HTML::LinkExtor doesn't work...

android2009 · 09-25-2010, 12:45 AM

Hi there,

I try to fetch links from a URL using HTML::LinkExtor, but it always return 0 links even if the status code is 200 OK. I am running the following code in Ubuntu 9.04, just curious if the module is too old and its ways of HTTP request is disabled by some platforms.
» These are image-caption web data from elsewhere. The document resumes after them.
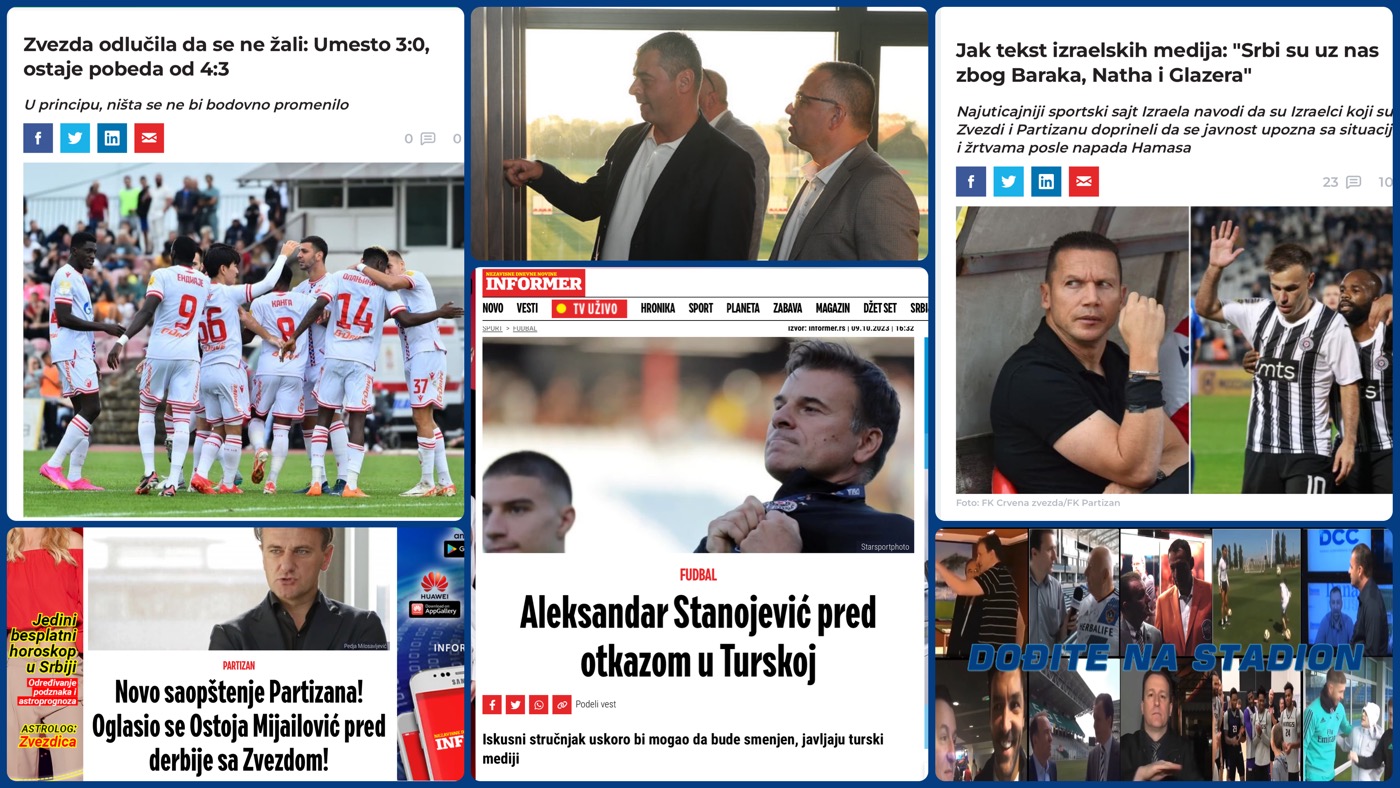Željko Pantić: Dođite na stadion 769. Ostojin tajm aut za Vučića i tužna sudbina Kratko Ostanića…(VIDEO)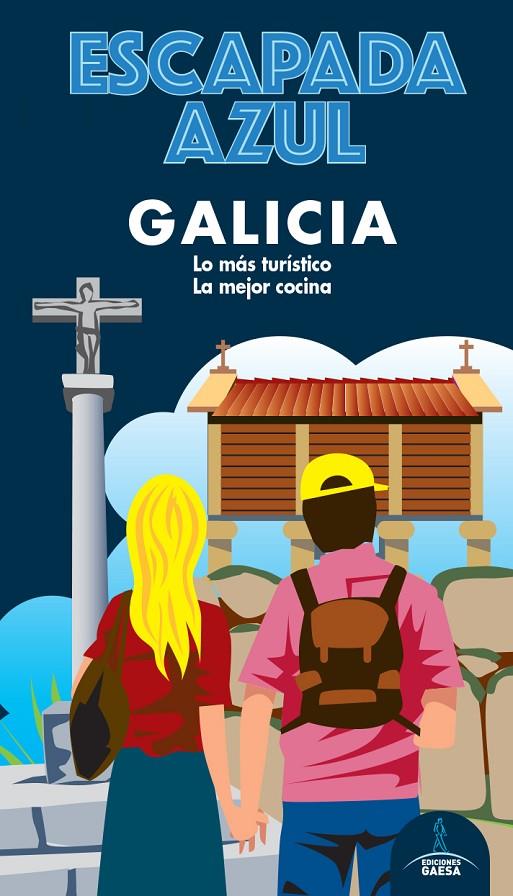 GALICIA ESCAPADA | 9788418343018 | GARCÍA, JESÚS | Llibreria Ombra | Llibreria online de Rubí, Barcelona | Comprar llibres en català i castellà online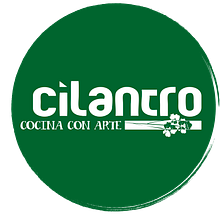 Cilantro. Design, and Traditional illustration project by Lucía Rebollo - 05.14.2014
Any idea is well appreciated.
Thanks!

Code:

#!/usr/bin/perl

use HTML::LinkExtor;
use LWP::UserAgent;

my %urls;

*INPUT=STDIN;
*OUTPUT=STDOUT;
*LOGPUT=STDERR;

sub mychomp
{
   $_[0]=~s/\r|\n//g;
}


sub get_links
{
    my @links=();
    my $url = shift;
    my $browser = LWP::UserAgent->new();
    $browser->timeout(10);
    my $request = HTTP::Request->new(GET => $url);
    my $response=$browser->request($request);

    if($response->is_success)
    {  
        my $contents = $response->content;
        my $page_parser = HTML::LinkExtor->new();

        $page_parser->parse($contens);
        @links=$page_parser->links();
        
        $urls{$url}=$response->code;
        print OUTPUT $url." ".$response->code." links: ".@links."\n";
        print OUTPUT shift @links while @links;
    }
    else
    {
        print LOGPUT "$url: %s\n",$response->status_line;
    }
    return \@links;    
}

sub init
{
    if(@ARGV>0)
    {
       
       *INPUT= shift @ARGV;
    }
    if(@ARGV>1)
    {
       *OUTPUT=shift @ARGV;
    }

    if(@ARGV > 2)
    {
       *LOGPUT=shift @ARGV;
    }
}


sub run
{
    while(<INPUT>)
    {
        mychomp($_);
        if(exists($urls{$_}))
        {
           # do nothing
        }
        else
        {
            my @urls=@{get_links($_)};
          
            print OUTPUT (shift @urls)."\n" while @urls;
        }
        

    }
}

sub done
{
   close(INPUT);
   close(OUTPUT);
   close(LOGPUT);
}

#init;
run;
done;

Sergei Steshenko · 09-25-2010, 06:00 PM

Quote:

Originally Posted by android2009

Hi there,
...
Any idea is well appreciated.
...

First put

Code:

use strict;
use warning;

just after '#!/usr/bin/perl' and make sure there are no compilation errors and runtime warnings.

Sergei Steshenko · 09-25-2010, 06:11 PM

And check the return value of your 'mychomp' subroutine.